Short text fragments from websites
┌──

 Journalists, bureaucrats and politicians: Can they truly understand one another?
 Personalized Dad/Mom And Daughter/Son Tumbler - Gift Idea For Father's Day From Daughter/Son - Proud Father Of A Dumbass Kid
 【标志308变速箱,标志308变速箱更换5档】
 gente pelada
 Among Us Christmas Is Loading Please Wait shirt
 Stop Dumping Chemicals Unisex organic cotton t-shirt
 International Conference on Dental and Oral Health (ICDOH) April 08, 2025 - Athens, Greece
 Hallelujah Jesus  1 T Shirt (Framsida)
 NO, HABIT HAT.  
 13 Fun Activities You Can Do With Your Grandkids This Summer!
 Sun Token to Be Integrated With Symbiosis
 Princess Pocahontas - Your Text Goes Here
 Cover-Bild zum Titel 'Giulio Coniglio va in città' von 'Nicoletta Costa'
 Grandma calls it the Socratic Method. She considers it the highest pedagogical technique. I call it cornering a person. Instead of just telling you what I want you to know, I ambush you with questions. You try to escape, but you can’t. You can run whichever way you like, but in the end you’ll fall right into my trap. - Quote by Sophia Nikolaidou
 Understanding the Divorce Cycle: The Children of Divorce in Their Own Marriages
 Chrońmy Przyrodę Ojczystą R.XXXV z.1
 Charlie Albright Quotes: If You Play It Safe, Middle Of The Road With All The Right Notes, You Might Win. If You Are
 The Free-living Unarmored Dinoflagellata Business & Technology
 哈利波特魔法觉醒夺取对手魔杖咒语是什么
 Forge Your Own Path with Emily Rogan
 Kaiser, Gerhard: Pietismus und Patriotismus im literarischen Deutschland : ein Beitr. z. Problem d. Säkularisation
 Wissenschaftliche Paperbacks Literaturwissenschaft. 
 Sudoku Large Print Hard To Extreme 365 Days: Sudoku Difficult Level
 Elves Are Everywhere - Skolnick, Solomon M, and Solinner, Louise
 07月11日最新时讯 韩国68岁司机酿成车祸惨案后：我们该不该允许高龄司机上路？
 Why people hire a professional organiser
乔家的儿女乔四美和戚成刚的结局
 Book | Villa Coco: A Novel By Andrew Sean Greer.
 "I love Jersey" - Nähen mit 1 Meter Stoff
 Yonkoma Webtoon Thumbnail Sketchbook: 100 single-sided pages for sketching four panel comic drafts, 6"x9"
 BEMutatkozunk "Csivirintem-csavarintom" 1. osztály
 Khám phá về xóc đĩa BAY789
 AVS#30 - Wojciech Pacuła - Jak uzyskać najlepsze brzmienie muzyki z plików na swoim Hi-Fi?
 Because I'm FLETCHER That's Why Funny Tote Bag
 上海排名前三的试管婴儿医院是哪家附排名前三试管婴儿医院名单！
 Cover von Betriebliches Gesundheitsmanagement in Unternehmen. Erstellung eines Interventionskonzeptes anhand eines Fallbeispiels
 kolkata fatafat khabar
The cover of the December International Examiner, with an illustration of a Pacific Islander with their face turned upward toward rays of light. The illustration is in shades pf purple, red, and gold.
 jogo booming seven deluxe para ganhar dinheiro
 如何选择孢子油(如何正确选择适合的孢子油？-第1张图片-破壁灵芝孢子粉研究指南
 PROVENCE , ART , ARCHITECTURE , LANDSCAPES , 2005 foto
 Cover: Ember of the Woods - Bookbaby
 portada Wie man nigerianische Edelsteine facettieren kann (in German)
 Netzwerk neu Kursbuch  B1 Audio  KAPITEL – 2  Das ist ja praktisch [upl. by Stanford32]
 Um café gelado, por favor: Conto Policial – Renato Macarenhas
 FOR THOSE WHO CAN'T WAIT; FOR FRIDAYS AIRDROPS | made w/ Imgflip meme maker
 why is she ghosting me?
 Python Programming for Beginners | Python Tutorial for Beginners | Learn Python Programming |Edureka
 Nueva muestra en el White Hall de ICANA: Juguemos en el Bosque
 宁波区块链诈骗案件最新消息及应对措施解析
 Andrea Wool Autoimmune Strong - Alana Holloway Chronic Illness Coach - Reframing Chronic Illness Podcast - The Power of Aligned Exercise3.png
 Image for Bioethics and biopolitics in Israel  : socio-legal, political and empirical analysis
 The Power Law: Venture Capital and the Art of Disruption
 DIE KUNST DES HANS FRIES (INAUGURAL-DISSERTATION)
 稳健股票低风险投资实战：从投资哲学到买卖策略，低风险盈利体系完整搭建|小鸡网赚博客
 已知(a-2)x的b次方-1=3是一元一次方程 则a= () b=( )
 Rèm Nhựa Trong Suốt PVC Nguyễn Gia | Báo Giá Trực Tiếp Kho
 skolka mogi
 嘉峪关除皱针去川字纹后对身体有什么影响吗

└──

■ WHAT IS EXPECTED: Whenever the word "Power" appears in a line above, copy that line.

■ EXERCISE RESULT:
 Andrea Wool Autoimmune Strong - Alana Holloway Chronic Illness Coach - Reframing Chronic Illness Podcast - The Power of Aligned Exercise3.png
 The Power Law: Venture Capital and the Art of Disruption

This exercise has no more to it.